Although Each Separate Dying Ember starts with this phrase, whenever I imagine the beginning, it's always here:
This is, in case it is not clear, a hot-off-the-press illustration of... Well. That. It's described in moderate detail in the first few chapters. And the whole scene is a prominent image within the book.
As
first sentences go, I'd say it's a pretty good one. Lots of ambiguity,
sets the tone of the novel, gets people interested, all of that lark.

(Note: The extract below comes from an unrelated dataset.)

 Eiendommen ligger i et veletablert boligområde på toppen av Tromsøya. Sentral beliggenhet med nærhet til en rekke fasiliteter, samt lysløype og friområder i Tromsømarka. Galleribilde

And when I set out with the first draft of Dying Ember, even I didn't have all the answers to the questions it puts forward. The whole world and concept of Dying Ember
came together pretty much as it was written. It meant a lot of editing
afterwards, but it also made for a lot of fun at the time - and that was
always the thing with this novel. It was always fun.
I
tried a lot of first lines. I tried a lot of first paragraphs and first
chapters. All I had to start off with was winged people in a modern
city, and a lot of confused loose ideas about where to go with it from
there. Gangs? Yes. Virtual reality? Probably. Gladiatorial competition?
Sure.
Then this.
"I see the boy that I shot a week later."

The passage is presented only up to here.